== Segment start ==
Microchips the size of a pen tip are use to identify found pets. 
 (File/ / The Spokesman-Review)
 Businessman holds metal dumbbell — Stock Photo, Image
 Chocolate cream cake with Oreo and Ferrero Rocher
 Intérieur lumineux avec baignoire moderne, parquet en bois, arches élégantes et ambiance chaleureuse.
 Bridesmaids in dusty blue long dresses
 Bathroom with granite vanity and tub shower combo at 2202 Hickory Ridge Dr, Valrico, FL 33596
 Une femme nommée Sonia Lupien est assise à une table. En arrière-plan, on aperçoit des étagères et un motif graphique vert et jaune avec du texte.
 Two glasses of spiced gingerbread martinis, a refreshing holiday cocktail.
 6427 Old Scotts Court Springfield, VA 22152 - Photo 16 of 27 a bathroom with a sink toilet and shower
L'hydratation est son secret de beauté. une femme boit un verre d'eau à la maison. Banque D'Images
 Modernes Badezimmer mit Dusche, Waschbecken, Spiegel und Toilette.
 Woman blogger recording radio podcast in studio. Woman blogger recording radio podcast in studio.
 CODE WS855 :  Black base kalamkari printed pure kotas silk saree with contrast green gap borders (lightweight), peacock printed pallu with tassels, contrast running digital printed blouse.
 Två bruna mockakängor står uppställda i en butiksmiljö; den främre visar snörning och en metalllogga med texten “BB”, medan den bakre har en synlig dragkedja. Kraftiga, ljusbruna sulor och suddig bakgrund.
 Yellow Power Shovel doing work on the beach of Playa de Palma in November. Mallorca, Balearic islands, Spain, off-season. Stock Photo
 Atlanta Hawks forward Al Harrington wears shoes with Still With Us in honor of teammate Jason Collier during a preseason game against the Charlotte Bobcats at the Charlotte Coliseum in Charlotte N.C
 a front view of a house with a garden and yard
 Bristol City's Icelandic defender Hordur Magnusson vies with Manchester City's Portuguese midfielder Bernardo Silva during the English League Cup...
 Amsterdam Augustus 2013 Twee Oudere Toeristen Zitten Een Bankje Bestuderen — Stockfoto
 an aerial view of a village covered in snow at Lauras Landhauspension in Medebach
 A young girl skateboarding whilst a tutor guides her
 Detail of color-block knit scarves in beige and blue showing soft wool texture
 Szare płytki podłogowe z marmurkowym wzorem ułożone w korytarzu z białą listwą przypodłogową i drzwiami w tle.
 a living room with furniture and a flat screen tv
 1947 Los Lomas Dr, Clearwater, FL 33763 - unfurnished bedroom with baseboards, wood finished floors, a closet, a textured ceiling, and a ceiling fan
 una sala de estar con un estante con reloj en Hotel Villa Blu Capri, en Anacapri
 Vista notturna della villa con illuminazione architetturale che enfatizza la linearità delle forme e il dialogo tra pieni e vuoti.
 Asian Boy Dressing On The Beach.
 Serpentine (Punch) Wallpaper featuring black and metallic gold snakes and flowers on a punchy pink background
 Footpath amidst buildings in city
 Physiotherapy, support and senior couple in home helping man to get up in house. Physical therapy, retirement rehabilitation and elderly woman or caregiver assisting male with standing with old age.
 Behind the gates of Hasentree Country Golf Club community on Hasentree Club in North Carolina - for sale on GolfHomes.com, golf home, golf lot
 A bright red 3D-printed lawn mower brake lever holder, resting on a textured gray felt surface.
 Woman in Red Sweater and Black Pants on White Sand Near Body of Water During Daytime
== Segment end ==
* [Exercise prompt]
Please go through the material and return each line where the word "house" appears.

* [Answer below]
 a front view of a house with a garden and yard
 Physiotherapy, support and senior couple in home helping man to get up in house. Physical therapy, retirement rehabilitation and elderly woman or caregiver assisting male with standing with old age.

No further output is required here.